Work request:
The required output is a word-for-word restatement of the material below, from the line with "french-press-1" through its last line, inclusive.

[Data to process — start]

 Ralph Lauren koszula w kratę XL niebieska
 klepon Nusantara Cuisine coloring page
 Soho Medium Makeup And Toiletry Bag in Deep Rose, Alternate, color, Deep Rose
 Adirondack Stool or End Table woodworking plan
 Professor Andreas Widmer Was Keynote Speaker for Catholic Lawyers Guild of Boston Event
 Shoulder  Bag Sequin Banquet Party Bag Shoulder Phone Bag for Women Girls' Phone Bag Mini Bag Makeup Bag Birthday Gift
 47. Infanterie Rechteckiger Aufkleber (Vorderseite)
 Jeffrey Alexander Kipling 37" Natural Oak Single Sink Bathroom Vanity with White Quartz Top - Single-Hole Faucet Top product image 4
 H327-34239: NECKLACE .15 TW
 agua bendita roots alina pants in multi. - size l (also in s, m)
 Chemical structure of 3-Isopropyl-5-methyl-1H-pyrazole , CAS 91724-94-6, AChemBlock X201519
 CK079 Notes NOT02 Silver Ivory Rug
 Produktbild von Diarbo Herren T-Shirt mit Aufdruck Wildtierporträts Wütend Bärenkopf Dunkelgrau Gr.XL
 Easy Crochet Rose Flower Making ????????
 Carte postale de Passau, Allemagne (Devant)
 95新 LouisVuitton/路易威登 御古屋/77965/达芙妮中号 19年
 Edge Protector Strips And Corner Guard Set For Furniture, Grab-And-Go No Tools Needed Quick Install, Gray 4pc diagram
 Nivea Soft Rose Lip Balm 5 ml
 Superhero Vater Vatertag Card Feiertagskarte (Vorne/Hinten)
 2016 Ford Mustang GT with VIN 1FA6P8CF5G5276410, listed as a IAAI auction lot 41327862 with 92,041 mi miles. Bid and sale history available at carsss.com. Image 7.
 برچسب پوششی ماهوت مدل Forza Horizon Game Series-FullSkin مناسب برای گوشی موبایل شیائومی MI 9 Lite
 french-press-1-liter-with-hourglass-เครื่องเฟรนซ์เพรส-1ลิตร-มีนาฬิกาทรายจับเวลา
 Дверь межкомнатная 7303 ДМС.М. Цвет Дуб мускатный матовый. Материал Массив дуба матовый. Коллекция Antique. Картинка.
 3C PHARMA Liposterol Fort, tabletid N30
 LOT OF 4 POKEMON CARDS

[Data to process — finish]

Exercise solution:
 french-press-1-liter-with-hourglass-เครื่องเฟรนซ์เพรส-1ลิตร-มีนาฬิกาทรายจับเวลา
 Дверь межкомнатная 7303 ДМС.М. Цвет Дуб мускатный матовый. Материал Массив дуба матовый. Коллекция Antique. Картинка.
 3C PHARMA Liposterol Fort, tabletid N30
 LOT OF 4 POKEMON CARDS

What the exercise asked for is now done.